### WORK TASK
The entries that follow should be reproduced exactly, with no images carried over.

*** Opening of SUPPLIED DATA ***

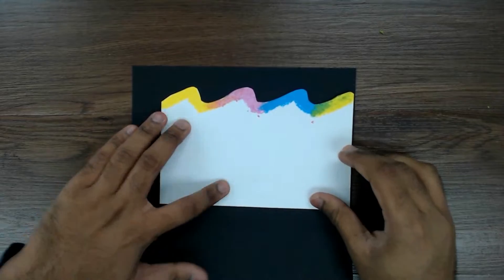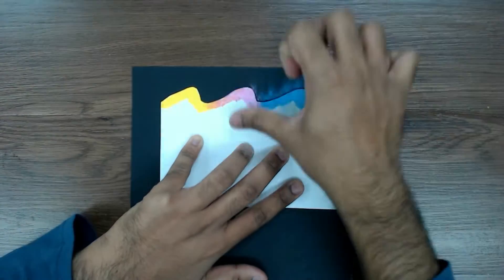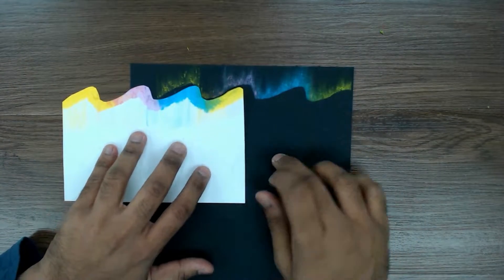Place the wavy lines on the black mounting board and smudge the oil pastel on top of the black mounting board using your fingers.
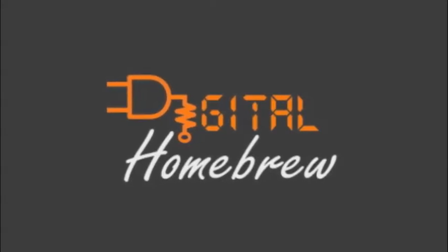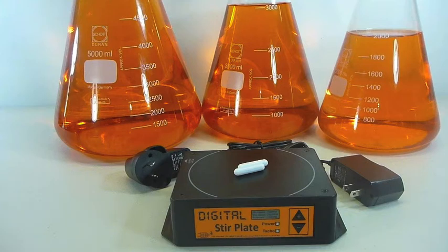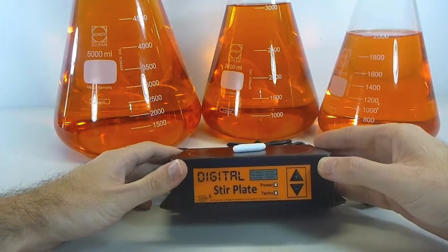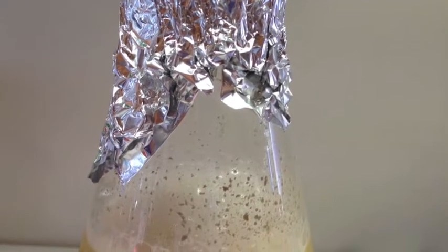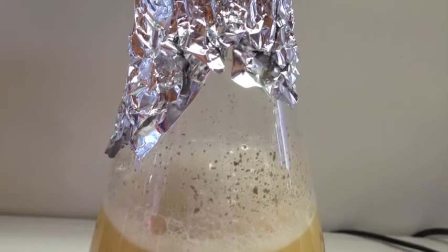Hi, it's Michael here from digitalhomebrew.com and I just wanted to introduce you to our new digital stir plate that we've just released for sale. The digital stir plate is a magnetic stirrer and it's a really unique design that's designed especially for brewers and growing yeast starters. When you're growing a yeast starter, you're trying to build a yeast colony that's large enough for the correct pitching rate for the beer that you're trying to brew.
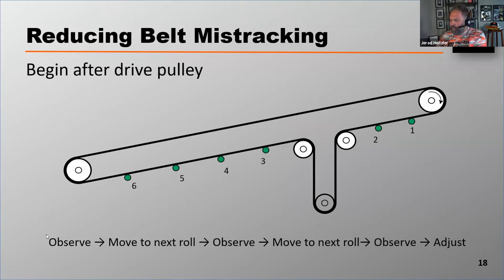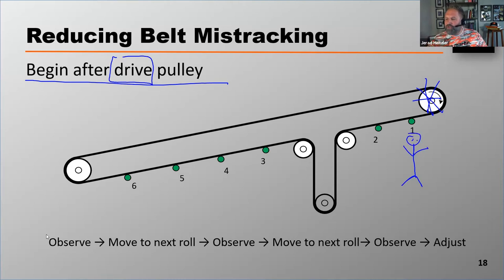We always begin after the drive pulley — not necessarily the head pulley, since the drive isn't always at the head. Starting at the first roller after the drive, if the belt is tracking fine, move to the second roller, then the third, then the fourth. If at roller five you start to see the belt wander to one side, you've now identified where your belt tracking problem is — and now you can make a physical adjustment.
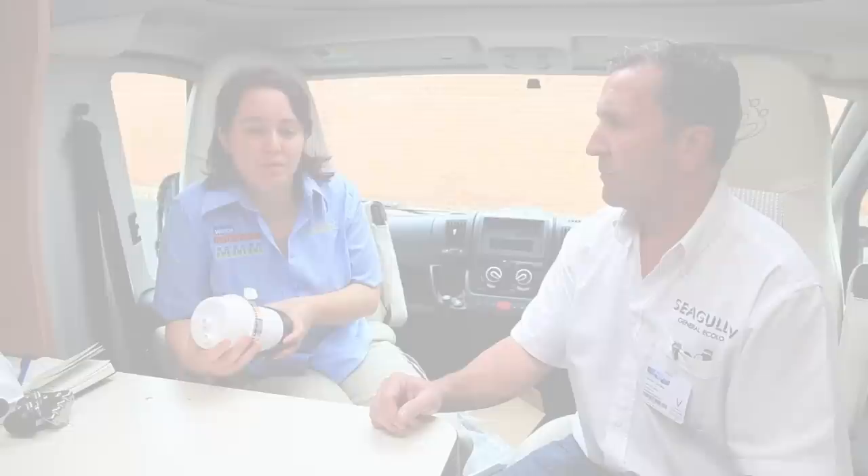We're talking water filtration systems today and I'm here with Harold Charters from General Ecology to talk about the new Nature Pure QC system we're going to be fitting to the long-term test.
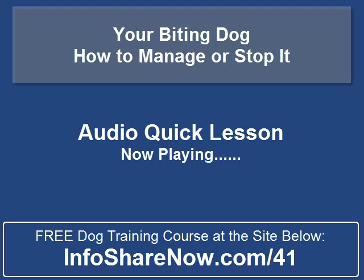If you already have an older dog that is a biter, there's still help for you but it may be a bit more difficult. You can grab a free course at the end of this video that will teach you more about not only training your dog not to bite, but also help you with many other common dog obedience issues.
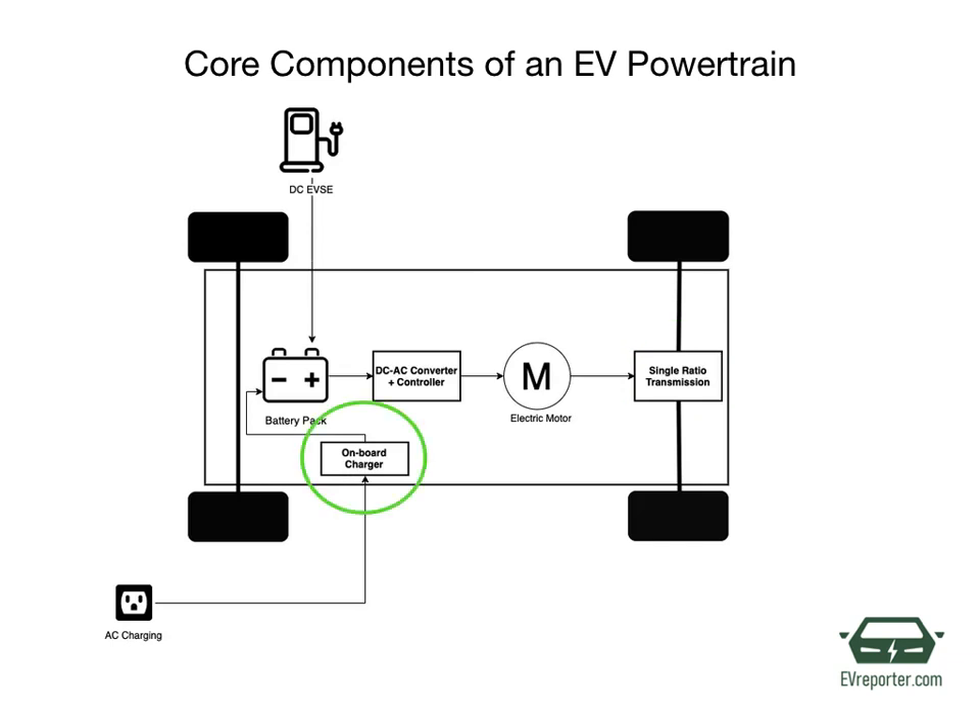Let's start with the on-board charger. As you know, an electric vehicle can be charged using an AC charger or a DC charger. In case of a DC charger, the battery pack is directly charged and the on-board charger is bypassed. However, if you are using an AC charger, you need an on-board charger to convert this AC into DC. This DC current is then used to charge the battery pack. The on-board charger also controls the amount of current that flows into the battery pack.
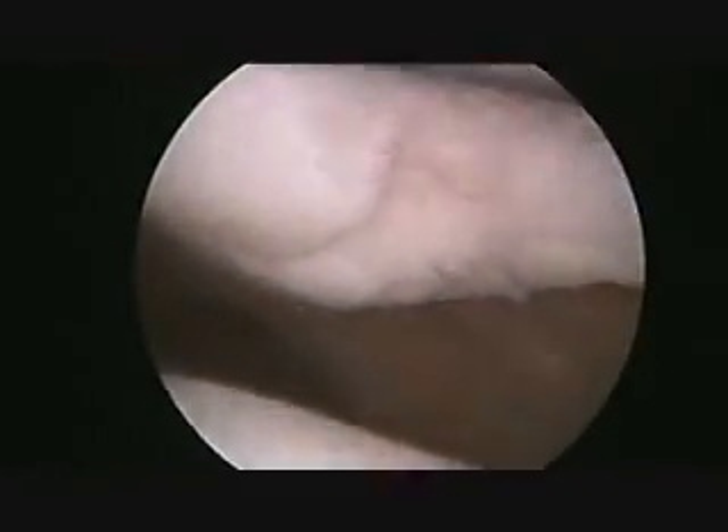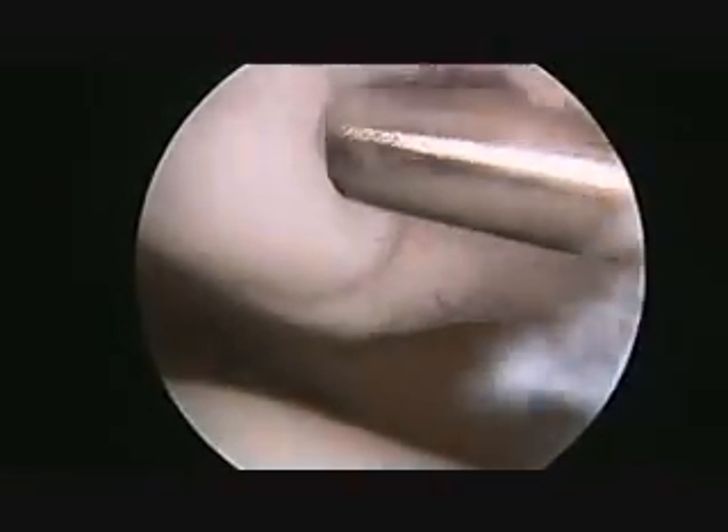Once it is completely cleaned and smoothed, any other additional surgery in the knee is completed. The arthroscope is then removed, the wounds are closed, and the rehab can begin.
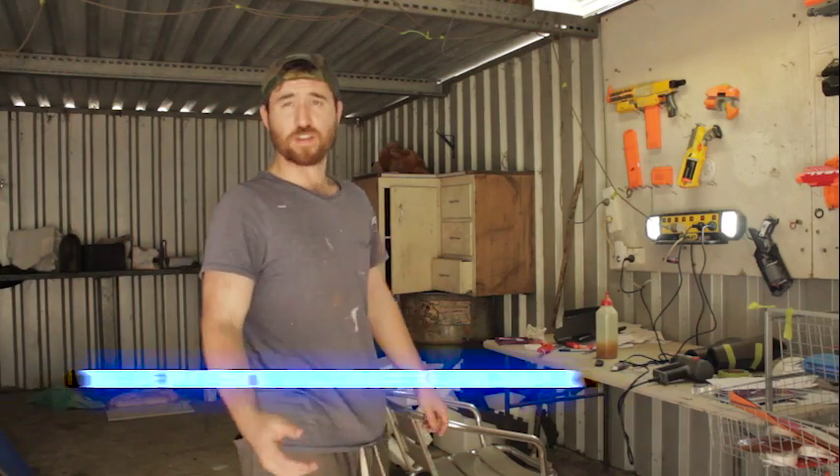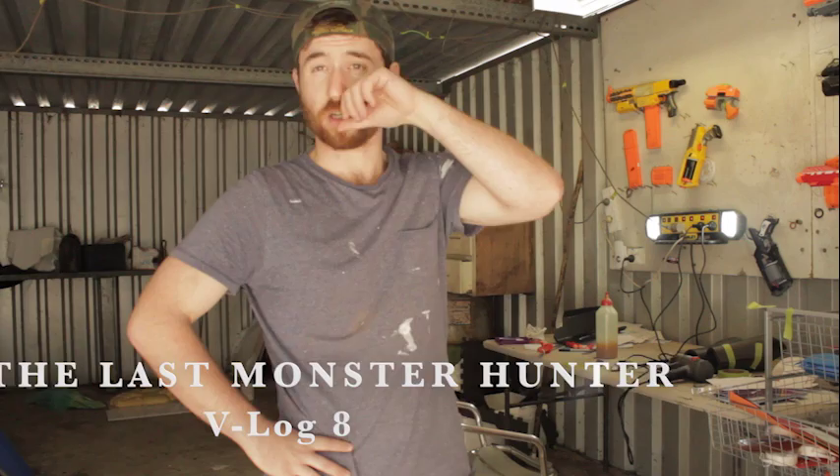Hey guys, it's Matt here from another VitaLog. I haven't really got a lot done this week, but I wanted to still touch base with anybody who's following.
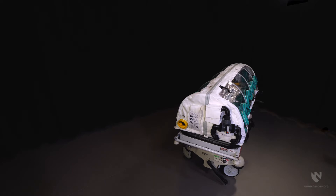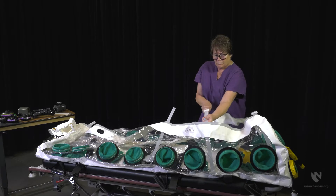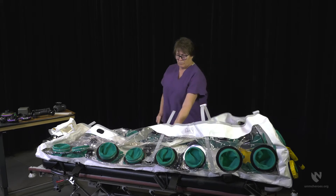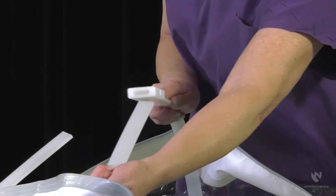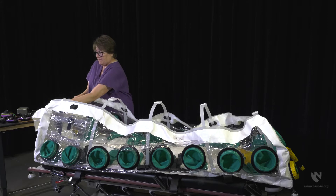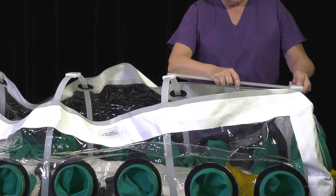Careful assembly of the ChemBio isopod is warranted to ensure proper function of the device. Beginning with the enclosure open, assemble the ribs by connecting the rib buckles. Insert the spine segments into the receptacle on each rib buckle.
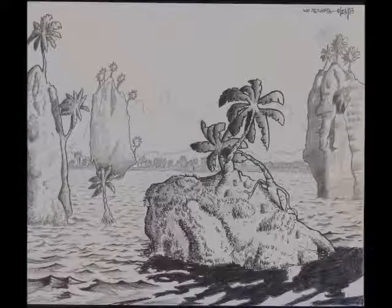Next one is Untitled 8-23-2013. Media: Pencil, Size 14x16.5.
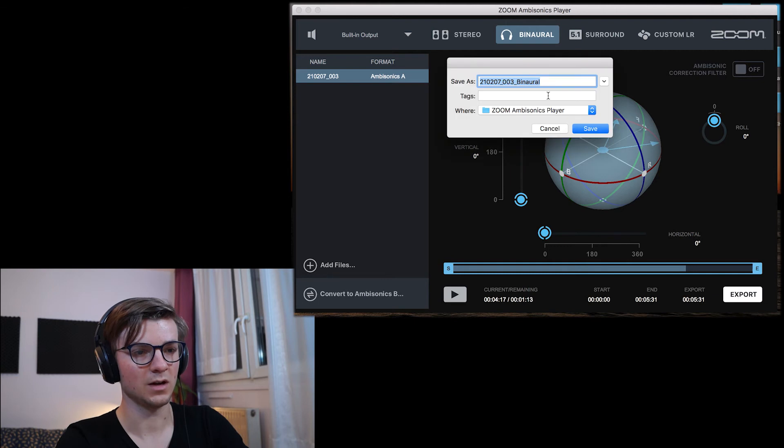I click to export, make a new file, choose where I want to save, and I save.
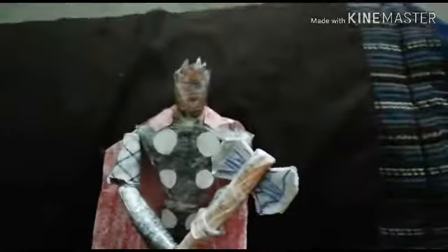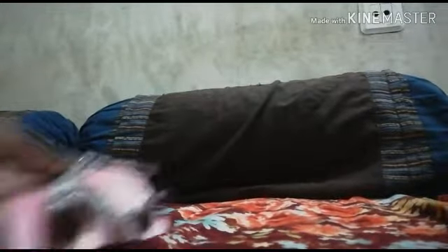Hey guys, I'm back again with my Thor Odinson action figure. Rocket Raccoon is nearly complete — he'll be done tomorrow, it just takes time and effort, so wait a while. Today we're gonna review Thor Odinson. Look at him, he's looking so cool with the Stormbreaker. I'm going to cover his articulation, the design, and the Stormbreaker. Let's get into the review!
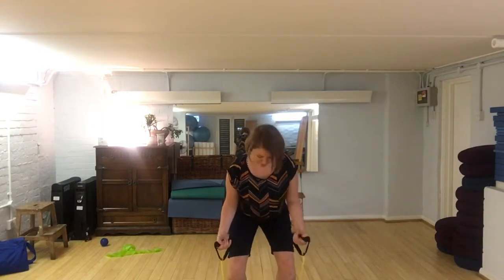I bend myself down into a squat — knees are going forwards, not dropping in — and as I breathe out I'm going to come up to standing, doing a bicep curl as I go.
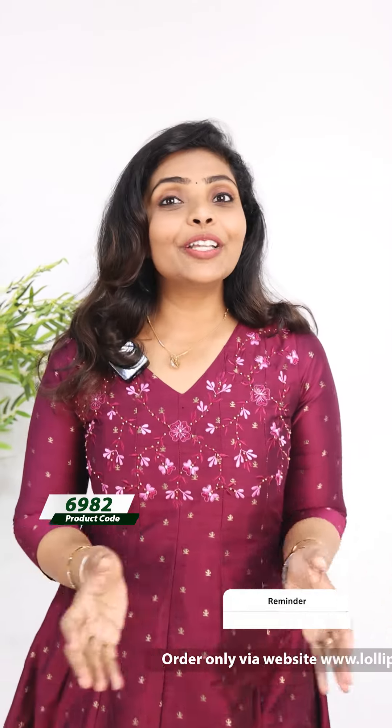Hello friends, I am Shruti from Lollipops. In this video, I am going to make a beautiful panel cut in this type.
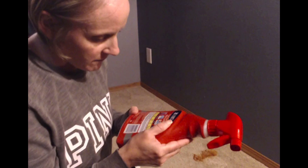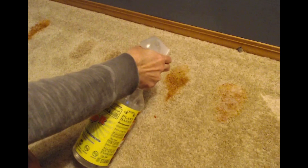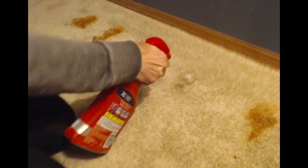The Resolve directions say to spray the area, wait five minutes, then blot or rub gently with a clean damp cloth or sponge and rinse. We're using paper towels. We'll do one minute for each since the Amazing Whip It requires about one minute. Spraying the Resolve on the right side, then spraying the Amazing Whip It on the left, letting them soak.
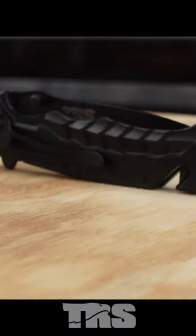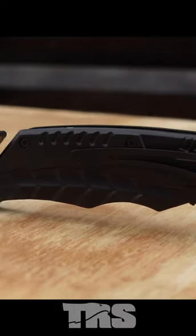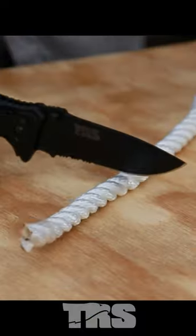We got the TRS325S tactical survival knife and we are going to beat this thing up and see how much abuse it can handle. To get started we are going to do a rope cutting test and we're going to hit the back of this with a sledgehammer.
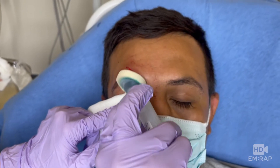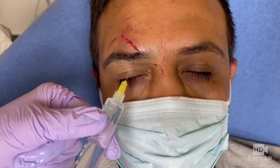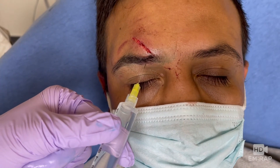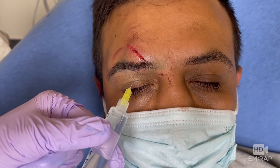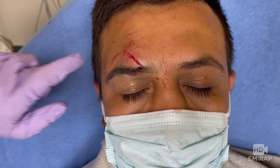Prep the skin with cleansing solution. Then, using a small gauge needle such as a 25 or 27 gauge, inject 1 to 3 milliliters of local anesthetic just medial to the supraorbital notch and just superficial to it. This should adequately anesthetize both the supraorbital nerve and the supratrochlear nerve.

*** Close of SUPPLIED DATA ***

### SOLVED EXERCISE
Place the wavy lines on the black mounting board and smudge the oil pastel on top of the black mounting board using your fingers.
Hi, it's Michael here from digitalhomebrew.com and I just wanted to introduce you to our new digital stir plate that we've just released for sale. The digital stir plate is a magnetic stirrer and it's a really unique design that's designed especially for brewers and growing yeast starters. When you're growing a yeast starter, you're trying to build a yeast colony that's large enough for the correct pitching rate for the beer that you're trying to brew.
We always begin after the drive pulley — not necessarily the head pulley, since the drive isn't always at the head. Starting at the first roller after the drive, if the belt is tracking fine, move to the second roller, then the third, then the fourth. If at roller five you start to see the belt wander to one side, you've now identified where your belt tracking problem is — and now you can make a physical adjustment.
We're talking water filtration systems today and I'm here with Harold Charters from General Ecology to talk about the new Nature Pure QC system we're going to be fitting to the long-term test.
If you already have an older dog that is a biter, there's still help for you but it may be a bit more difficult. You can grab a free course at the end of this video that will teach you more about not only training your dog not to bite, but also help you with many other common dog obedience issues.
Let's start with the on-board charger. As you know, an electric vehicle can be charged using an AC charger or a DC charger. In case of a DC charger, the battery pack is directly charged and the on-board charger is bypassed. However, if you are using an AC charger, you need an on-board charger to convert this AC into DC. This DC current is then used to charge the battery pack. The on-board charger also controls the amount of current that flows into the battery pack.
Once it is completely cleaned and smoothed, any other additional surgery in the knee is completed. The arthroscope is then removed, the wounds are closed, and the rehab can begin.
Hey guys, it's Matt here from another VitaLog. I haven't really got a lot done this week, but I wanted to still touch base with anybody who's following.
Careful assembly of the ChemBio isopod is warranted to ensure proper function of the device. Beginning with the enclosure open, assemble the ribs by connecting the rib buckles. Insert the spine segments into the receptacle on each rib buckle.
Next one is Untitled 8-23-2013. Media: Pencil, Size 14x16.5.
I click to export, make a new file, choose where I want to save, and I save.
Hey guys, I'm back again with my Thor Odinson action figure. Rocket Raccoon is nearly complete — he'll be done tomorrow, it just takes time and effort, so wait a while. Today we're gonna review Thor Odinson. Look at him, he's looking so cool with the Stormbreaker. I'm going to cover his articulation, the design, and the Stormbreaker. Let's get into the review!
I bend myself down into a squat — knees are going forwards, not dropping in — and as I breathe out I'm going to come up to standing, doing a bicep curl as I go.
Hello friends, I am Shruti from Lollipops. In this video, I am going to make a beautiful panel cut in this type.
The Resolve directions say to spray the area, wait five minutes, then blot or rub gently with a clean damp cloth or sponge and rinse. We're using paper towels. We'll do one minute for each since the Amazing Whip It requires about one minute. Spraying the Resolve on the right side, then spraying the Amazing Whip It on the left, letting them soak.
We got the TRS325S tactical survival knife and we are going to beat this thing up and see how much abuse it can handle. To get started we are going to do a rope cutting test and we're going to hit the back of this with a sledgehammer.
Prep the skin with cleansing solution. Then, using a small gauge needle such as a 25 or 27 gauge, inject 1 to 3 milliliters of local anesthetic just medial to the supraorbital notch and just superficial to it. This should adequately anesthetize both the supraorbital nerve and the supratrochlear nerve.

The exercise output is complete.